===== Input records =====

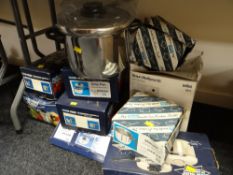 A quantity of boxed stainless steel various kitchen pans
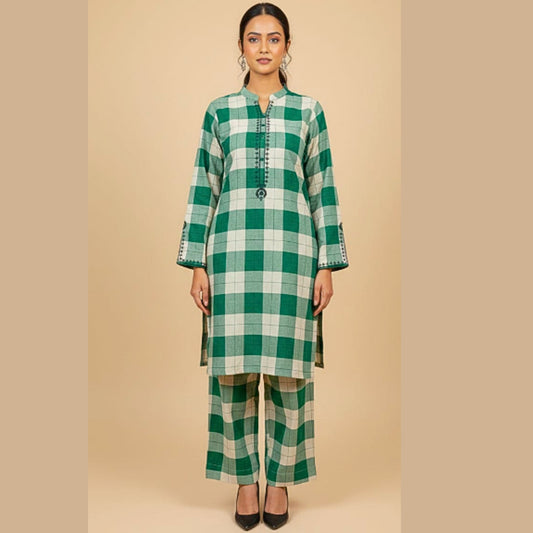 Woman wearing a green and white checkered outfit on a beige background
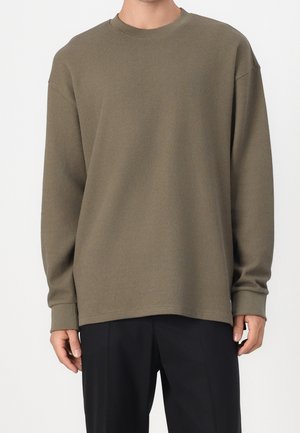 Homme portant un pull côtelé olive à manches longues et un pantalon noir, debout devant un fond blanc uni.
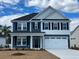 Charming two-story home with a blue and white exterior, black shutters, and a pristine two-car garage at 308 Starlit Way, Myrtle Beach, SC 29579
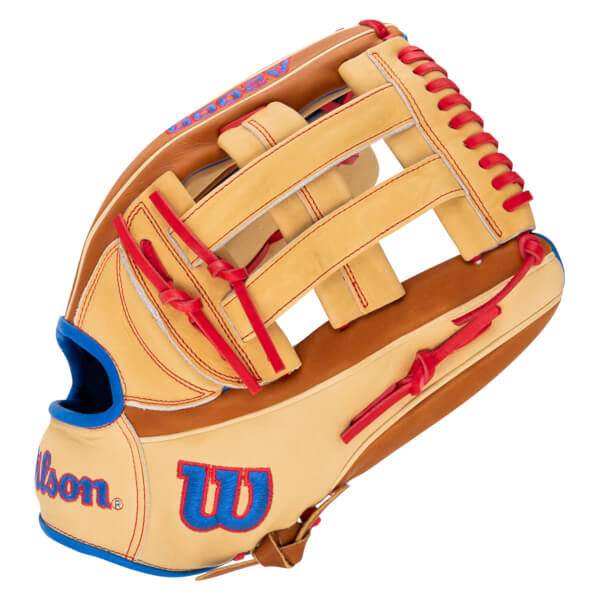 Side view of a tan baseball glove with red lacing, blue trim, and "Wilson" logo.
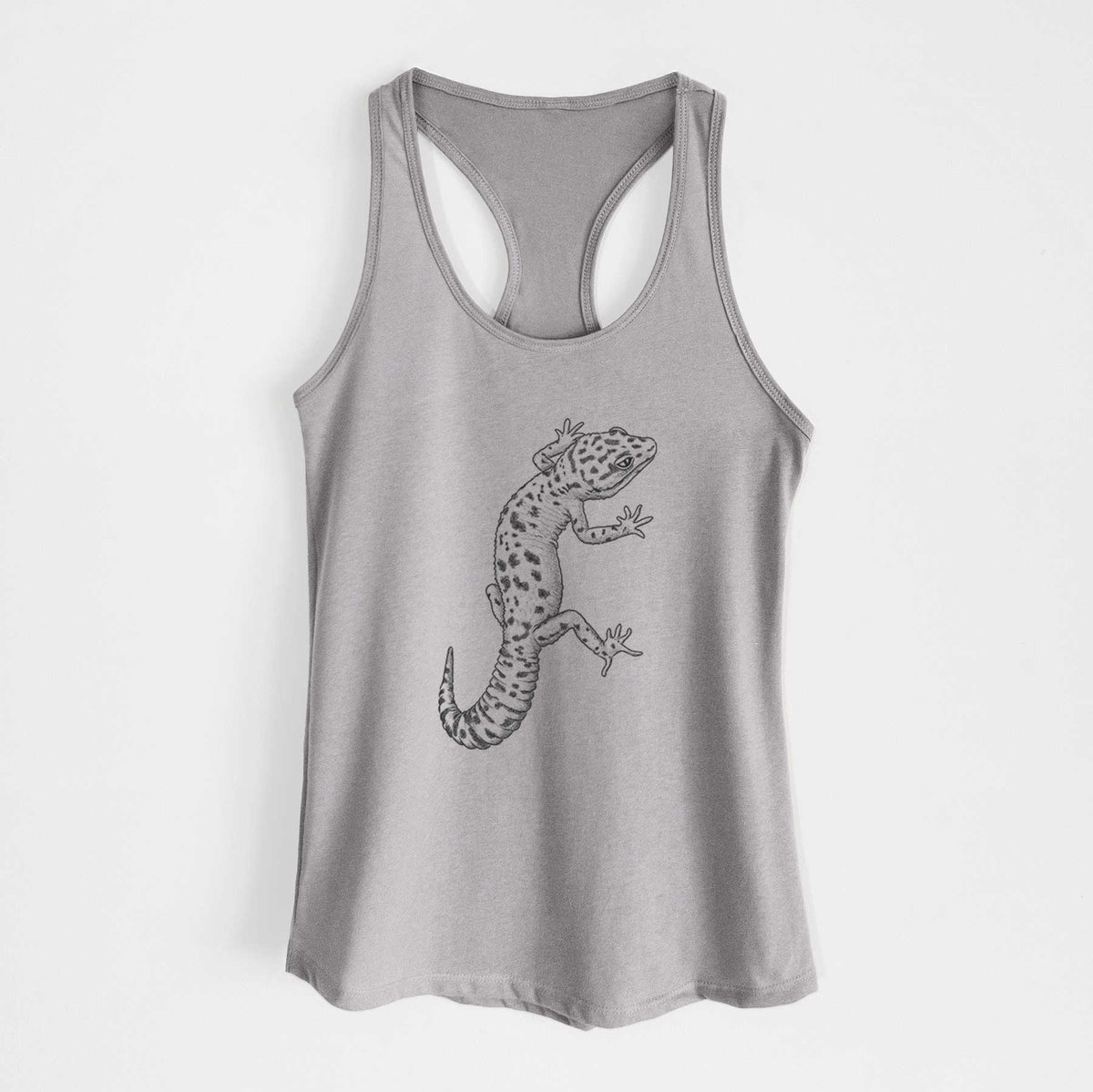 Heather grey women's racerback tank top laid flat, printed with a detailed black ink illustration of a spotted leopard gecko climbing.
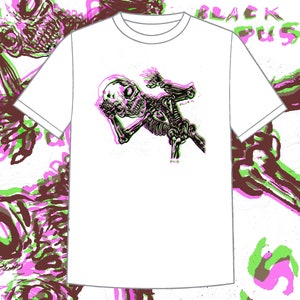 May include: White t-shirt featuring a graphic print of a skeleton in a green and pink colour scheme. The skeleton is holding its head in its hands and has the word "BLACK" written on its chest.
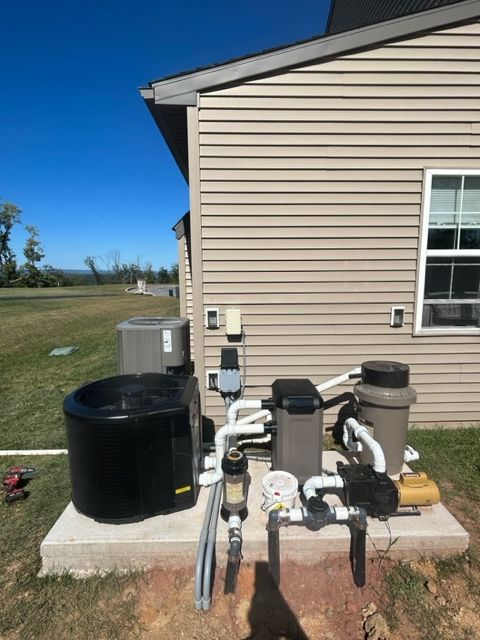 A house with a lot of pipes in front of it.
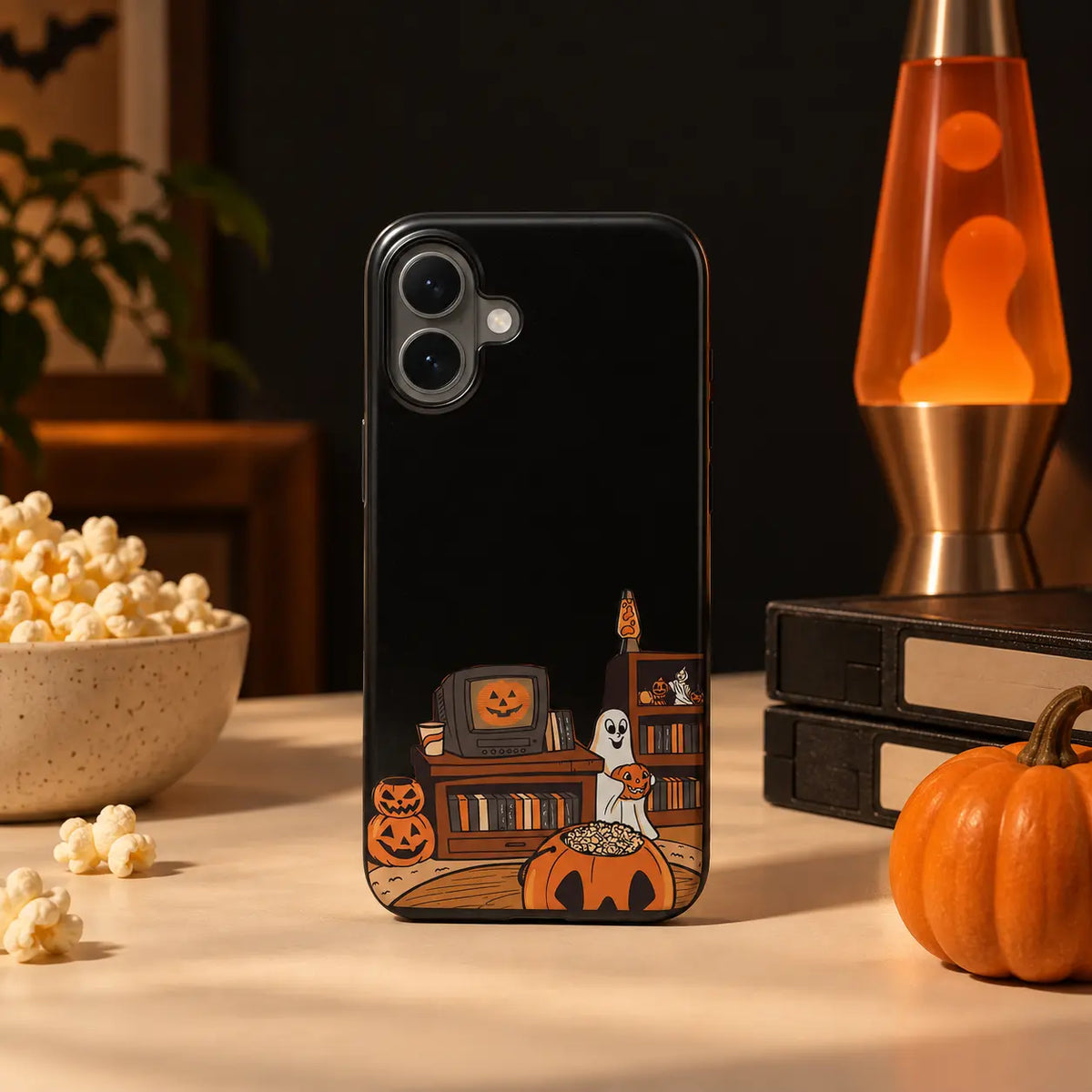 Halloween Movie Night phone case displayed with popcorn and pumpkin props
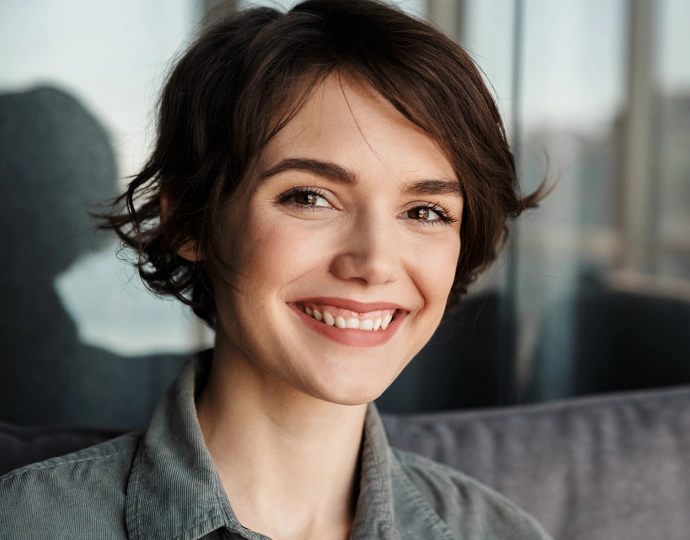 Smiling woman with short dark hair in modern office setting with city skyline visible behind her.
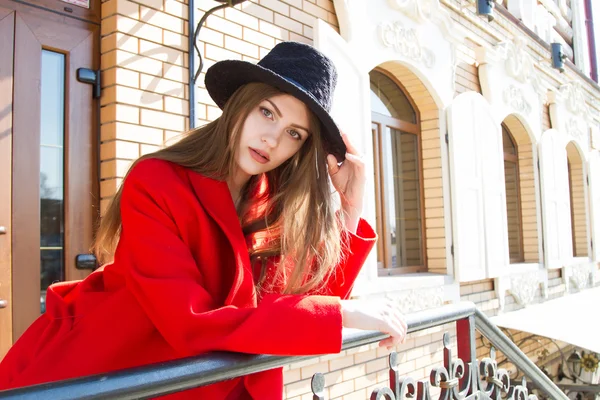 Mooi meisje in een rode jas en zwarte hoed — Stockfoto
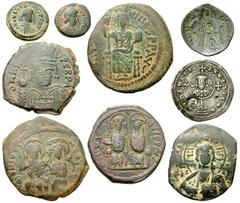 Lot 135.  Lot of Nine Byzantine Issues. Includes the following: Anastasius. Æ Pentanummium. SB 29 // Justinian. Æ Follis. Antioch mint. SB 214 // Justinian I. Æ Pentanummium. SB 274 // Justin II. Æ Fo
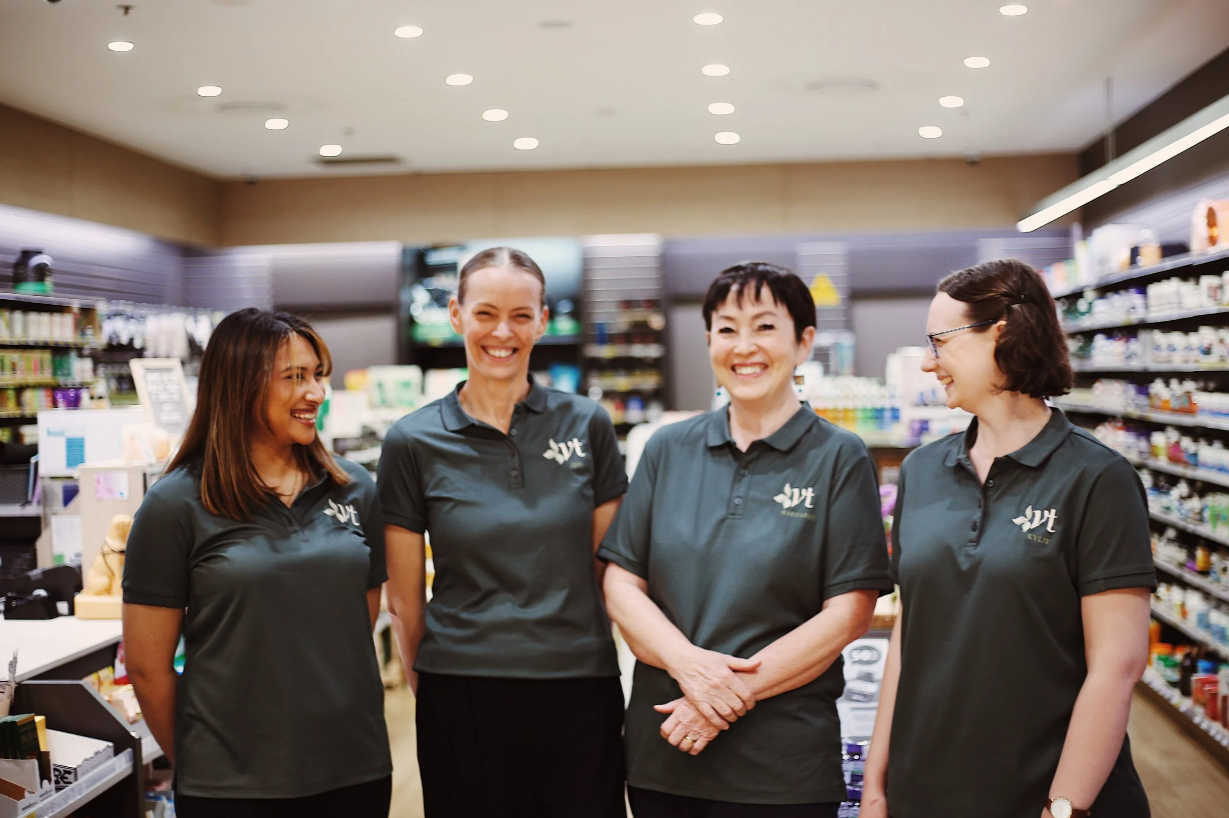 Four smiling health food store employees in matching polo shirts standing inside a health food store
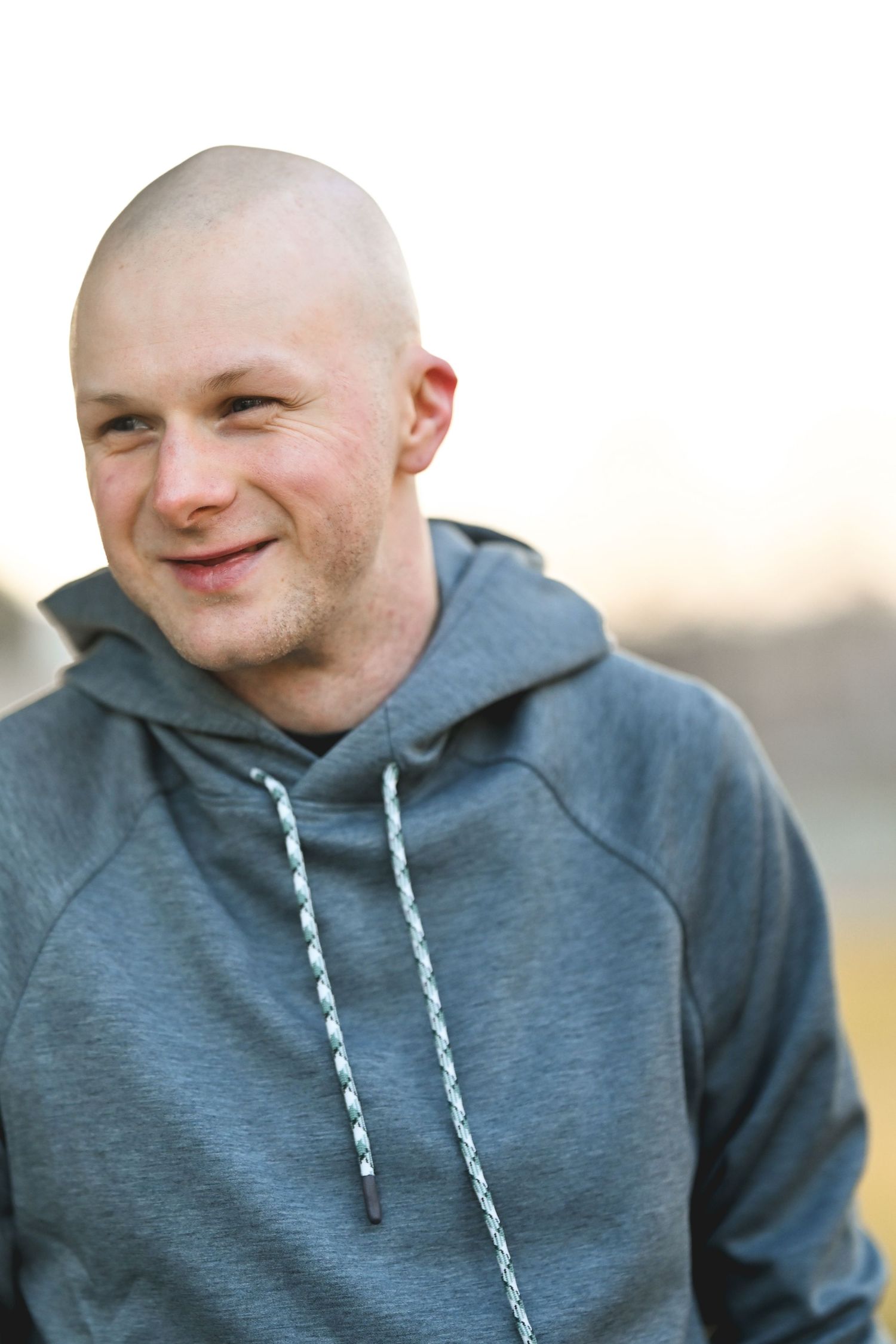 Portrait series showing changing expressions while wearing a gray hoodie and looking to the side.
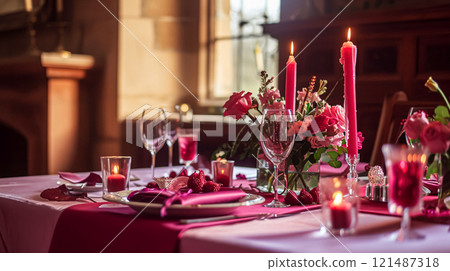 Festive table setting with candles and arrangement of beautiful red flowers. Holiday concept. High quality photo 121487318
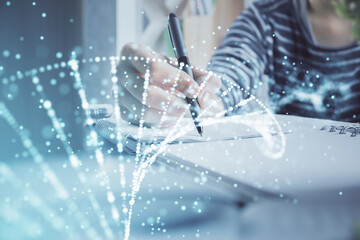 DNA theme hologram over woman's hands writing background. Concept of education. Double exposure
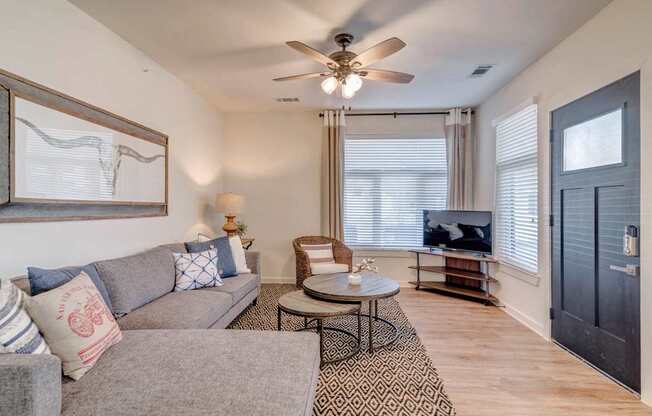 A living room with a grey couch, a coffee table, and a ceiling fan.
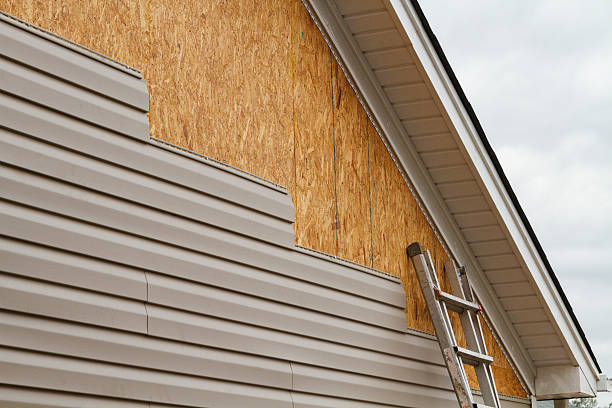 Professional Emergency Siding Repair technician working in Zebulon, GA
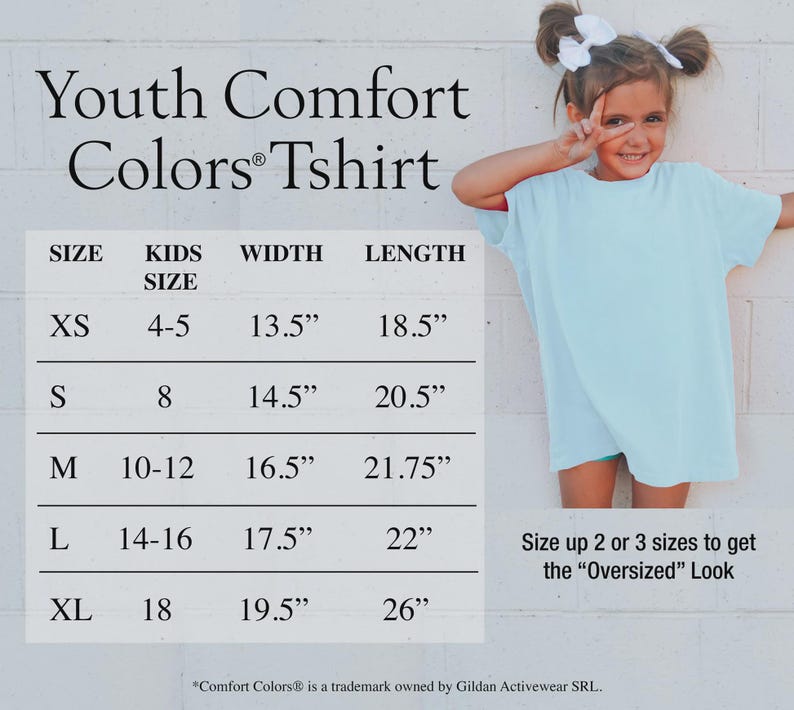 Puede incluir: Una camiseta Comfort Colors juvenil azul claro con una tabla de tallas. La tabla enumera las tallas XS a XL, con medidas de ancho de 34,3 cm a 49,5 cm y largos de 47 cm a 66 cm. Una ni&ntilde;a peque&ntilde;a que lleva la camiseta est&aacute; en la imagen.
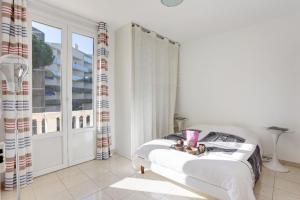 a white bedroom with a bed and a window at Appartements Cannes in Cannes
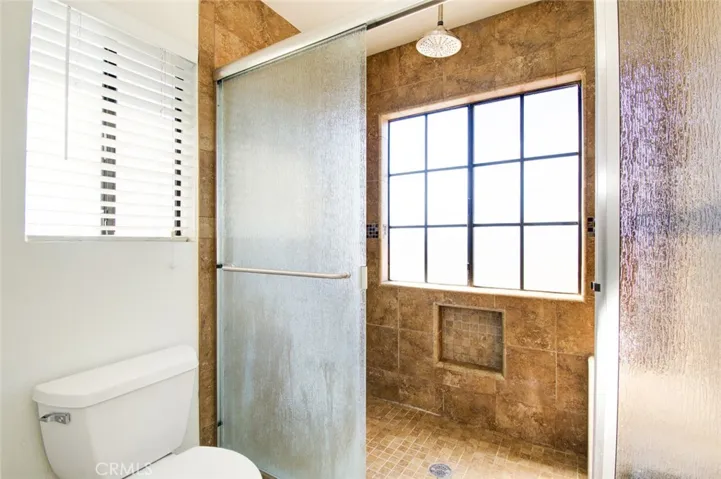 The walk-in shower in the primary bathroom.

=====

= Task to complete =
From the line containing "A living room" down to the last line of the entries above, retype each line exactly as it stands, but skip the pictures.

= Exercise answer =
 A living room with a grey couch, a coffee table, and a ceiling fan.
 Professional Emergency Siding Repair technician working in Zebulon, GA
 Puede incluir: Una camiseta Comfort Colors juvenil azul claro con una tabla de tallas. La tabla enumera las tallas XS a XL, con medidas de ancho de 34,3 cm a 49,5 cm y largos de 47 cm a 66 cm. Una ni&ntilde;a peque&ntilde;a que lleva la camiseta est&aacute; en la imagen.
 a white bedroom with a bed and a window at Appartements Cannes in Cannes
 The walk-in shower in the primary bathroom.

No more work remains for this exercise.